Le débat sur l'avenir

L'année internationale du volontariat est donc officiellement terminée. Seul le temps permettra d'en faire le bilan et d'en comptabiliser les effets concret. 

Pour l'instant, ni les critiques ni les excès d'optimisme ne font défaut. Comme on pouvait s'y attendre, les organisateurs du Symposium de Genève et les instances des Nations unies jugent l'impact de l'année internationale important et tangible. 

Cependant, la prudence doit nous conduire à reconnaître les nombreux vides qui restent à combler sur le plans des concepts. Dans beaucoup de pays du Sud, dont la population, paradoxalement, est organisée et volontaire par excellence, les comités nationaux ne sont pas parvenus à intégrer les vigoureux apports de la société civile et des mouvements populaires. 

En Amérique latine, nombreux sont les pays où le volontariat a été pour les comités l'occasion d'un rapprochement avec les cercles de "premières dames", les médias gouvernementaux, avec photos et films vidéo de représentation, et les organisations de charité. 

Néanmoins, on constate une certaine dynamique de mise en commun des expériences et de consolidation des réseaux ; de même, un accord sur le contenu minimum du débat qu'il va falloir tenir se profile. Enfin et surtout, on aperçoit la possibilité unique de repenser un volontariat enfoncé dans de multiples contradictions : exister sans être véritablement pensé, avoir un impact positif sans être reconnu, servir sans être réellement valorisé.
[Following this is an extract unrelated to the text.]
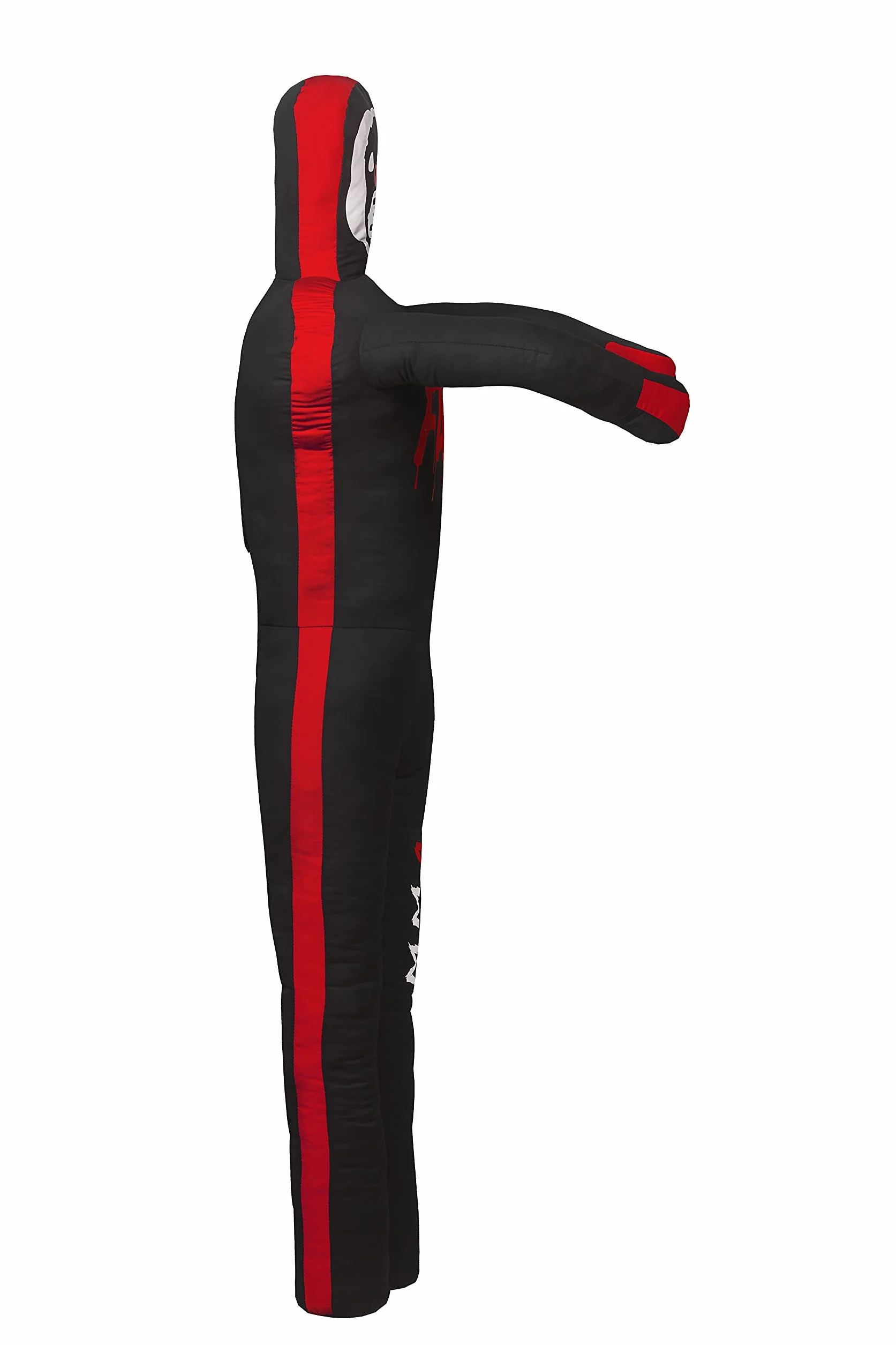Mannekin do MMA, zapasów, grapplingu do różnych ćwiczeń, treningu uderzeń i rzutów w boksie, karate, judo, BJJ, brazylijskie JIU Jitsu, mieszane sztuki walki, manekin stojący, leżący – NAPEŁNIANY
Sergio Ferrari Service de presse d'UNITÉ / E-CHANGER Traduction Michèle Faure 

UN SYMPOSIUM CENTRE SUR DES ASPECTS FONCTIONNELS

Près de 400 personnes originaires de 100 pays se sont retrouvées à Genève, entre le 18 et le 21 novembre, pour assister au Symposium international sur le volontariat. Le but essentiel de cette rencontre était de dresser un bilan de l'année internationale des volontaires. D'où le poids important qu'ont eu les représentants des comités nationaux, constitués dans leur majorité soit autour des délégations des Nations unies soit autour d'instances gouvernementales. Le Symposium de Genève, en dépit des objectifs très ambitieux que s'étaient imposés les organisateurs, n'a pu échapper à l'enchevêtrement des discussions internes sur les structures et le vrai débat d'idées n'a pas eu lieu. La thématique inscrite au programme était très variée, mais les réunions de bilan par régions des comités nationaux n'ont pas laissé de temps pour la discussion de fond et ont court-circuité la participation aux ateliers et aux tables rondes qui auraient permis d'oxygéner les conceptions actuelles. Des questions aussi brûlantes que la relation entre le volontariat et l'entreprise privée ou la frontière entre le volontariat et le militantisme ont été à peine évoquées, abordées latéralement et sans structuration. Les recommandations du Symposium, exagérément optimistes pour ce qui est de l'impact de l'année internationale, ont été apportées à l'Assemblée générale des Nations unies le 5 décembre dernier et seront enrichies au cours de l'année qui vient en vue d'une nouvelle session à l'ONU en décembre 2002.